An example could look something like this:
names <- c("Richard", "Mortimer", "Elizabeth", "Jeremiah")
posts <- c("I'm trying to find a solution for a problem with my neighbour, she keeps mowing the lawn on sundays when I'm trying to sleep in from my night shift", "Personally, I like to deal with annoying neighbours by just straight up confronting them. Don't shy away. There are always ways to work things out.", "Personally, I like to deal with annoying neighbours by just straight up confronting them. Don't shy away. There are always ways to work things out. That sounds quite aggressive. How about just talking to them in a friendly way, first?", "That sounds quite aggressive. How about just talking to them in a friendly way, first? Didn't mean to sound aggressive, rather meant just being straightforward, if that makes any sense")

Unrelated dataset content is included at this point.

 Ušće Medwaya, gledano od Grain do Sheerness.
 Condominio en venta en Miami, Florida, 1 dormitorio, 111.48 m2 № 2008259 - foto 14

duplicateposts <- data.frame(names, posts)
posts2 <- c("I'm trying to find a solution for a problem with my neighbour, she keeps mowing the lawn on sundays when I'm trying to sleep in from my night shift", "Personally, I like to deal with annoying neighbours by just straight up confronting them. Don't shy away. There are always ways to work things out.", "That sounds quite aggressive. How about just talking to them in a friendly way, first?", "Didn't mean to sound aggressive, rather meant just being straightforward, if that makes any sense")
postsnoduplicates <- data.frame(names, posts2)